Hirai's event was held at Kokenji temple in Takamatsu — an unusual location for a campaign speech, the result of links with Komeito (as confirmed by a staffer working at the event). It was a speech intended for longstanding supporters, not outreach to draw in new supporters. It was an old crowd: outside of volunteers (dispatched from companies supporting Hirai), the youngest in attendance could not have been much younger than fifty. Among the notables introducing Hirai was a Komeito member of the Kagawa prefectural assembly. He was joined by LDP politicians — a Takamatsu city assemblywoman and the head of the prefectural assembly — and the head of Hirai's koenkai.

The energy level in the room was low. Perhaps the word used most frequently by the speakers was "kibishi," referring to the candidate's prospects on 30 August. Hirai's speech itself focused mostly on contradictions in the DPJ's manifesto. The Komeito speaker reminded the audience of what Ozawa Ichiro said about the DPJ's ability to govern when he "resigned" in November 2007, when he asked, "The LDP's hopeless, but does the DPJ truly have the ability to wield political power?" Another speaker alluded to the specter of Yubari, the infamous town in Hokkaido that declared bankruptcy, suggesting that the DPJ's plans would result in a spate of Yubari-like bankruptcies. Hirai criticized the DPJ for the content of its manifesto, and suggested that the DPJ is all talk, no action. Very little was said about the LDP as a ruling party other than that the party has reflected on its shortcomings. Revealingly, the only flyer distributed by Hirai was one touting his own accomplishments and policy positions.

The focus instead was on Hirai and his relationship with his supporters in the district.
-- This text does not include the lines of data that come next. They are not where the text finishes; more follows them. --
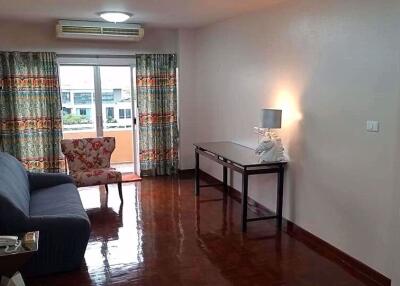 2 bed Condo in Areesamphan Park Samsennai Sub District C013465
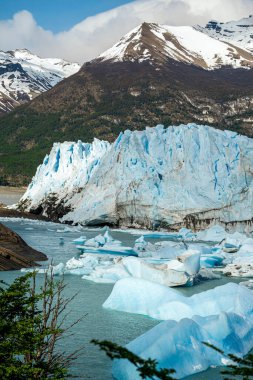 perito moreno buzulu ve arka plandaki dağlar Patagonya ve Arjantin 'de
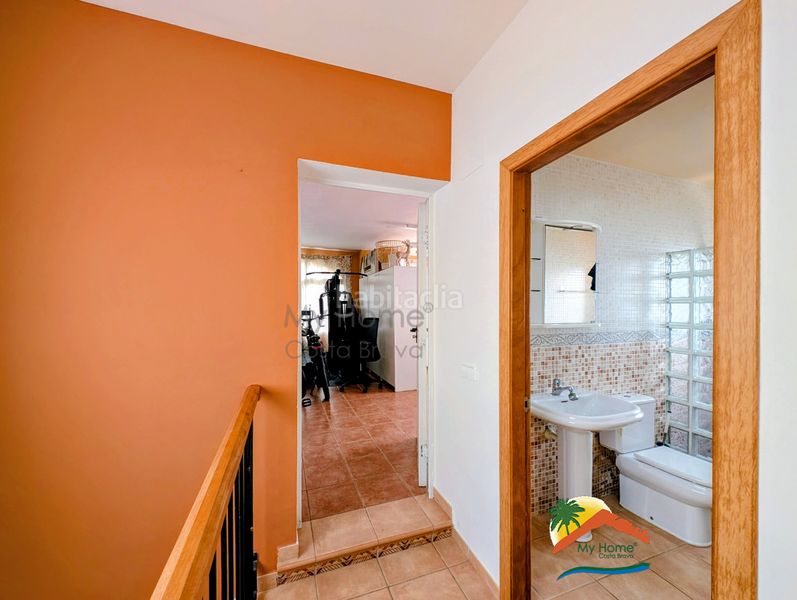 Foto acea7579-8101-40e2-a404-460233b7940c. Casa amb xemeneia calefacció aparcament piscina a Vidreres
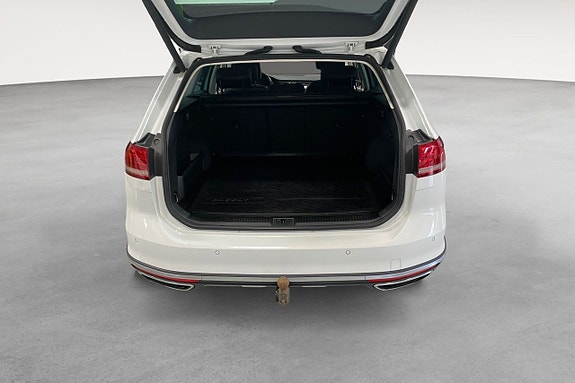 Volkswagen Passat Alltrack 19 of 21
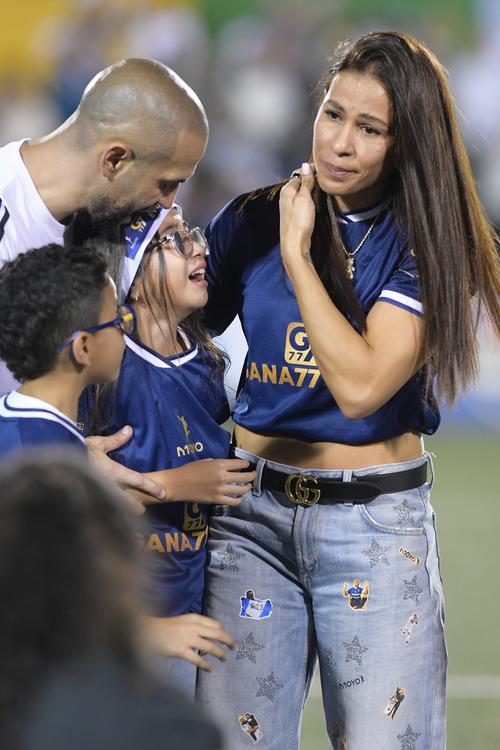 José Manuel Contreras, junto a su familia, en su partido de despedida. (Foto: Orlando Chile Monroy)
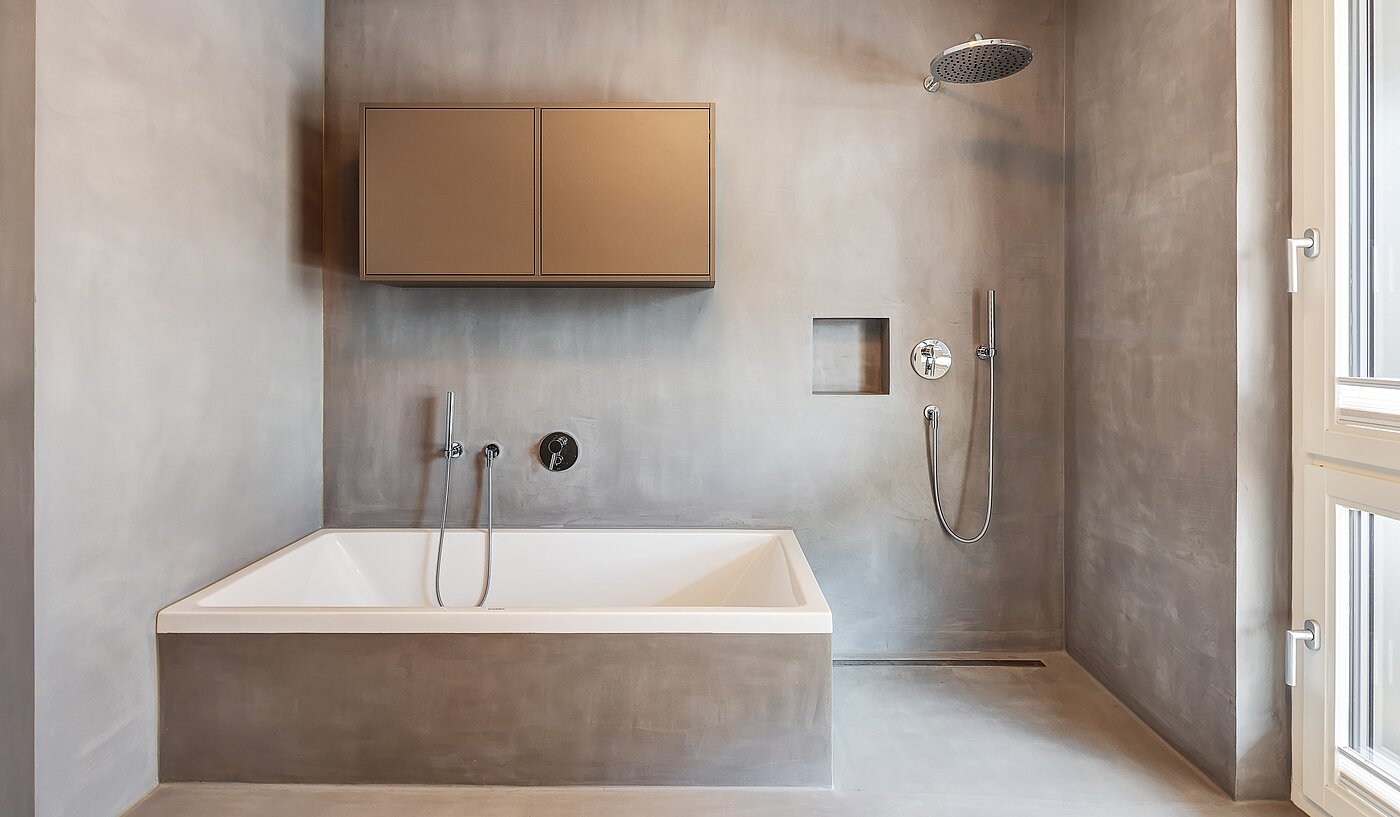 Appartamento al piano terra a 3 camere | 70309 | ...Badewanne und...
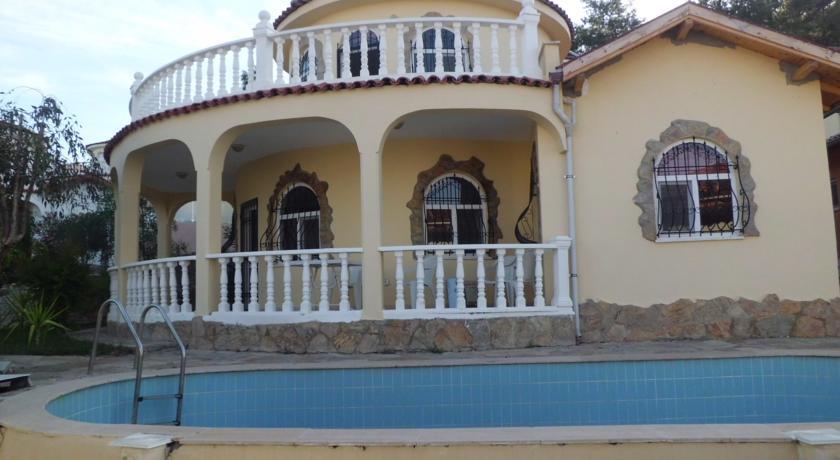 Вилла Villa Bateman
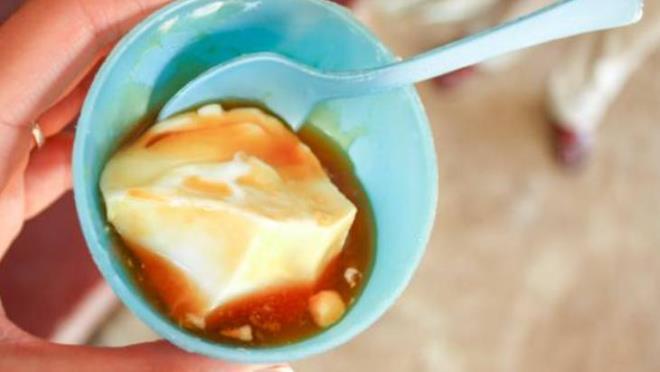 NEDEN YO�URT VE PEKMEZ� B�RL�KTE T�KET�LMEZ?<p>  Sa�l�k i�in �ok faydas� olan pekmez ve yo�urt, bir araya geldi�inde birbirlerini n�trl�yor. Demir y�n�nden zengin olan pekmez, kans�zl��a iyi gelmesiyle �ne ��k�yor. Kemik geli�imini destekleyen yo�urt ise kalsiyum bak�m�ndan olduk�a zengin olu�uyla pek �ok ki�inin g�zdesi.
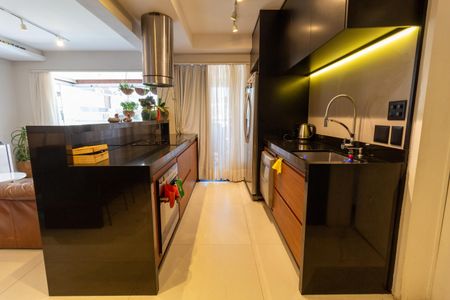 Apartamento à venda com 102m², 3 quartos e 2 vagasCozinha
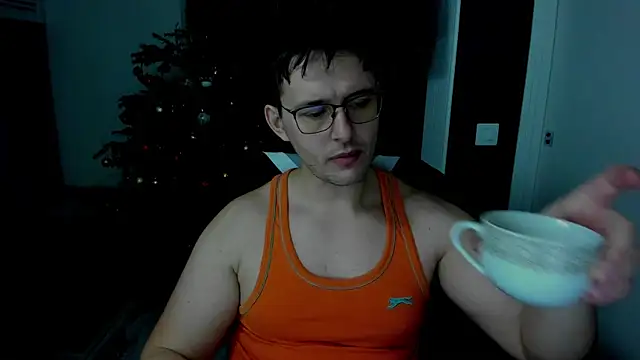 sexxymuscles4u online show from January 7, 2026, 9:47 am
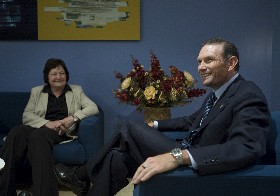 El Lehendakari junto a la Nobel de la Paz, Corrigan Maguire. JB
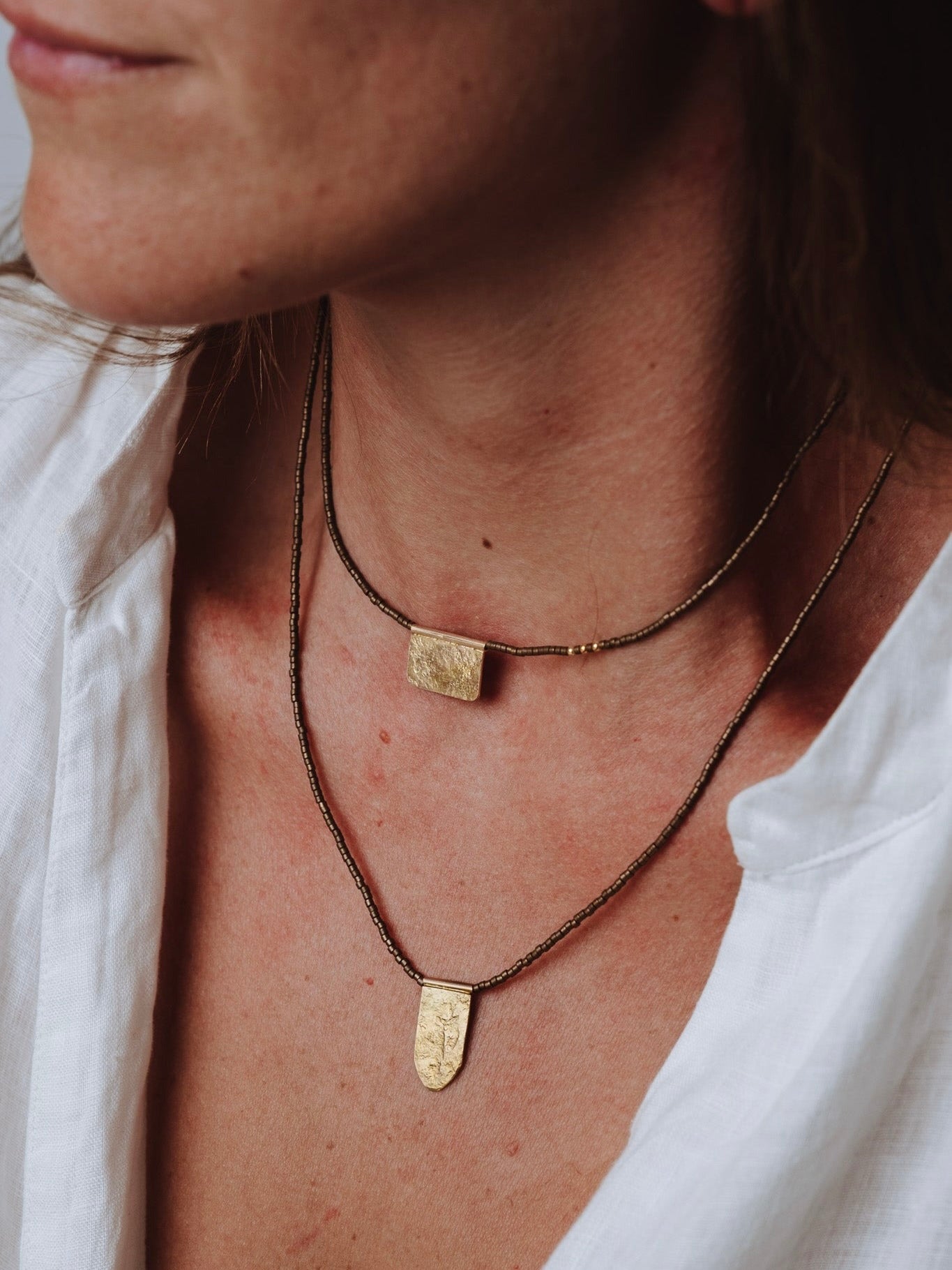 ロングペンダントネックレス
He concluded his speech by telling the audience that it is not his seat, "but yours." He stressed that he was their advocate, and by extension the district's and region's representative in the National Diet.

Hirai's campaign clearly rests on a foundation of Komeito, JA, and other organizations: in addition to his speech Saturday afternoon, Hirai's Saturday schedule included meetings at JA offices and a fishing cooperative. There appears to be little attempt on Hirai's part to reach out to floating voters or DPJ voters: his pitch was about shoring up the base. Accordingly, there was little mention of Aso Taro or the past several years of LDP government (except to refer to posts held by Hirai) — the policy discussion focused largely on what the DPJ will or will not do. Hirai did not attempt to articulate a reason to give the LDP a new mandate except to argue that the LDP will be more effective at policy implementation.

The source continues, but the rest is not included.